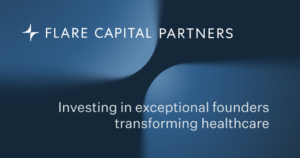 Flare Capital Partners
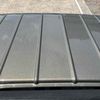 suzuki carry-truck 1994 256418 image 13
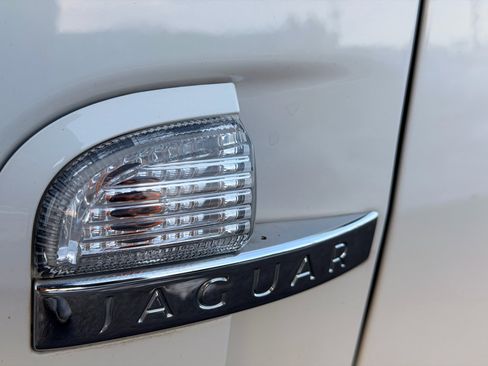 Used 2009 Jaguar XK Coupe image 14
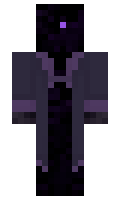 e73b7458a690fc minecraft skin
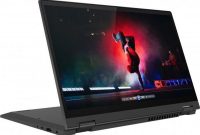 Lenovo IdeaPad Flex 5 14IIL05 Specs and Details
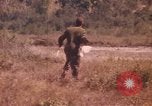 Image of United States pilot Vietnam, 1967, second 56 stock footage video 65675075567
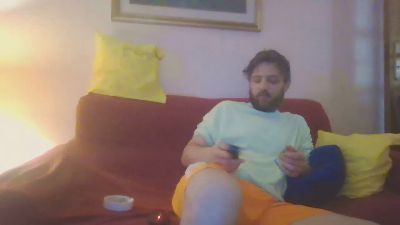 DmtrijD — 在 cam4 直播的网络摄像头模特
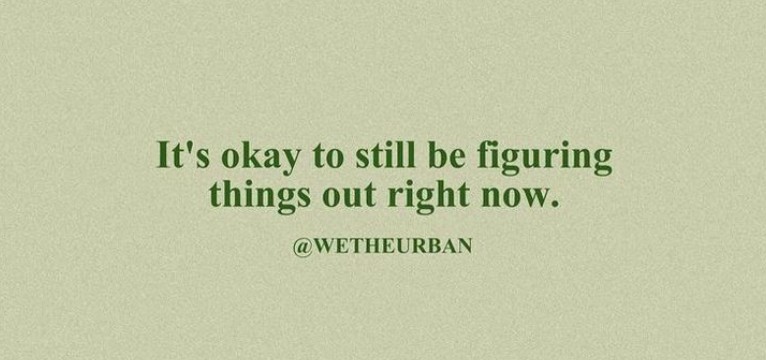 green phrase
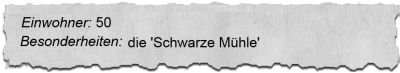 Schwarzmühlen.png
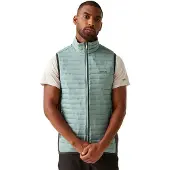 Regatta Gilet Anderson Hybrid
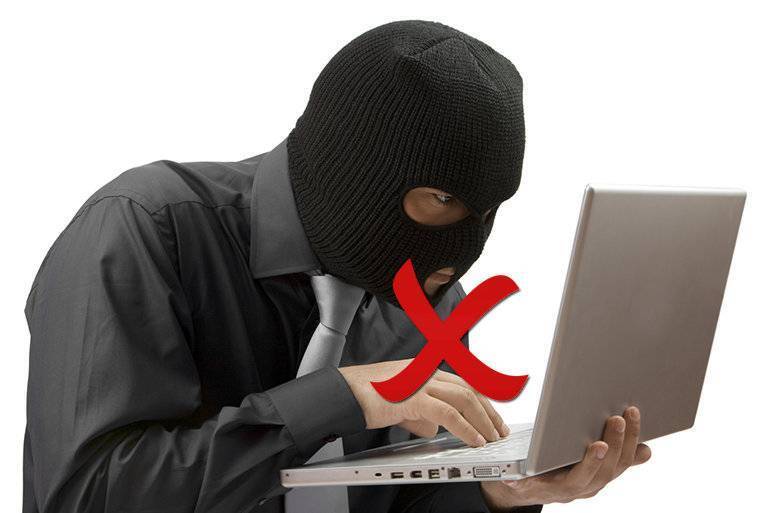 Понимание механики кликового спама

◇ ◇ ◇ ◇

Excluding pictures, copy exactly the lines from the line containing "Image of United" through the last line of the data, inclusive.

* Expected answer
 Image of United States pilot Vietnam, 1967, second 56 stock footage video 65675075567
 DmtrijD — 在 cam4 直播的网络摄像头模特
 green phrase
 Schwarzmühlen.png
 Regatta Gilet Anderson Hybrid
 Понимание механики кликового спама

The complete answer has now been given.